A atuação da Minha Criança Trans está dividida em cinco setores:

Acolhimento afetivo – Acolhimento de mães, pais e familiares que reconhecem ter uma criança ou adolescente trans ou convivendo com outras questões de gênero. O objetivo aqui é fortalecer emocionalmente os familiares para que estes possam acolher a identidade de gênero de suas crianças – além de orientar sobre os direitos fundamentais, questões burocráticas e adaptativas para que consigam lidar com as adversidades da melhor forma possível. Atualmente, a ONG trabalha com 428 famílias de diversas regiões do Brasil que reconhecem ter uma criança/adolescente trans. O seu lema é “você não está sozinha!”

Fomento de políticas públicas e advocacy – elaboração de projetos que visam a garantia de direitos e participação de movimentos sociais organizados para fomento de políticas públicas voltadas a crianças e adolescentes trans. Atualmente a ONG possui algumas ações civis públicas em parceria com escritórios de advocacia.

Diálogo nas escolas – trabalho para garantir a permanência saudável das crianças e adolescentes trans dentro do sistema educacional. Algumas escolas procuram a ONG para promover encontros com seus diretores, coordenadores, professores, estudantes e comunidade escolar para tratar de questões relacionadas ao acolhimento de estudantes trans e LGBTI+. Famílias que enfrentam problemas dentro do sistema educacional também recorrem à entidade para mediação de conflitos.

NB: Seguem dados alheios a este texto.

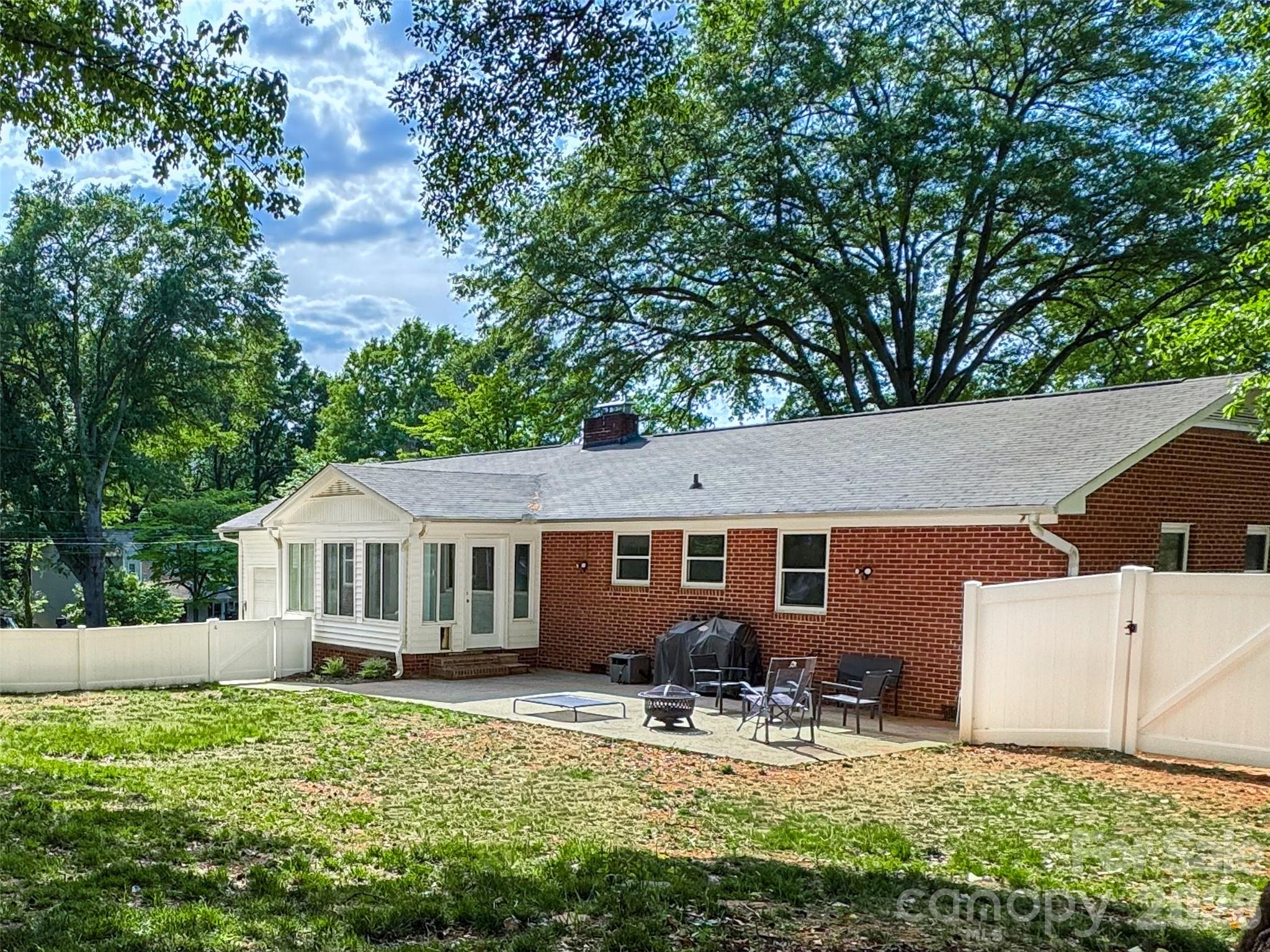 2044 Helen Drive — Gastonia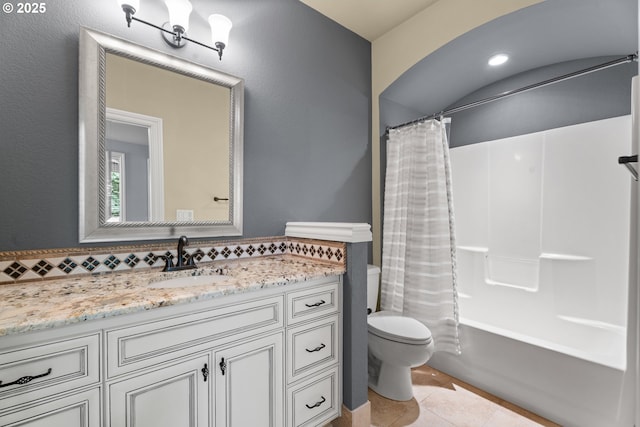 9641 SE Nicholas Dr, Happy Valley, OR 97086 - full bath featuring vanity, shower / bathtub combination with curtain, and tile patterned flooring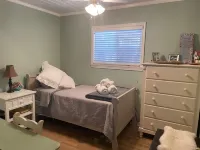 Entire Charming Bungalow Close to Amenities - Charming Cozy Hotels in Auburn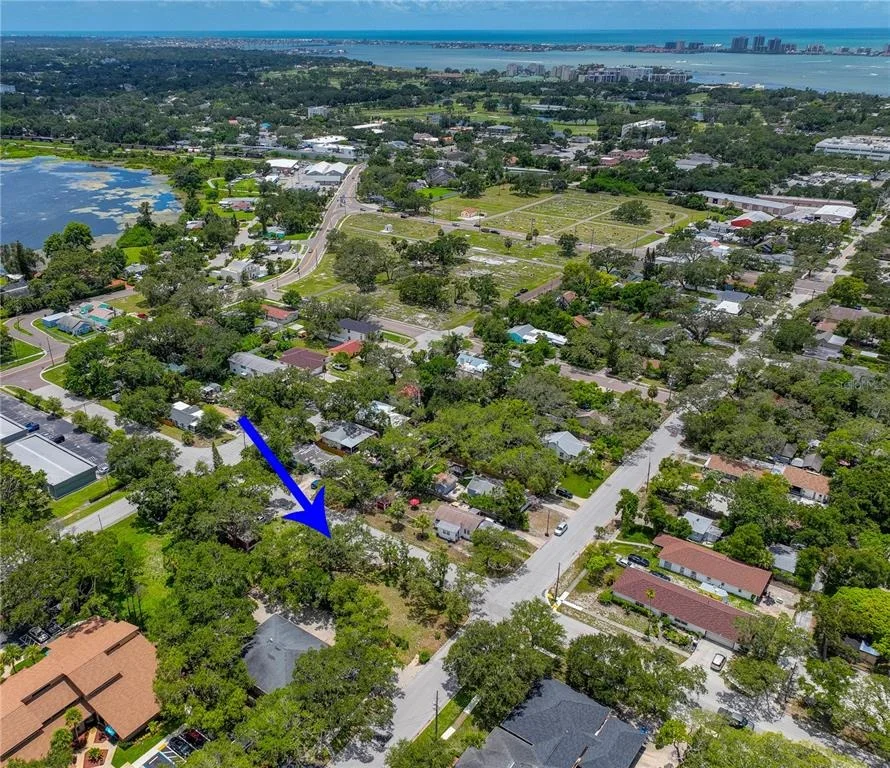 Photo of 1001 PINELLAS STREET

Psicologia responsável – profissionais da área estudam e buscam conhecimentos a fim de promover um atendimento ético, respeitoso e acolhedor para crianças e adolescentes trans e seus familiares. Trabalho de formação e acolhimento para profissionais de psicologia que buscam por conhecimento e supervisão no atendimento. Atendimento voluntário ou com valor social para famílias em situação de vulnerabilidade econômica.

Pesquisa e elaboração de dados – A partir da constatação de que a desinformação é um dos principais motivos que alimentam o preconceito e violência contra a população trans no Brasil, a entidade busca elucidar dados sobre esse recorte da população que é tão silenciado e sofre diariamente com preconceito e transfobia.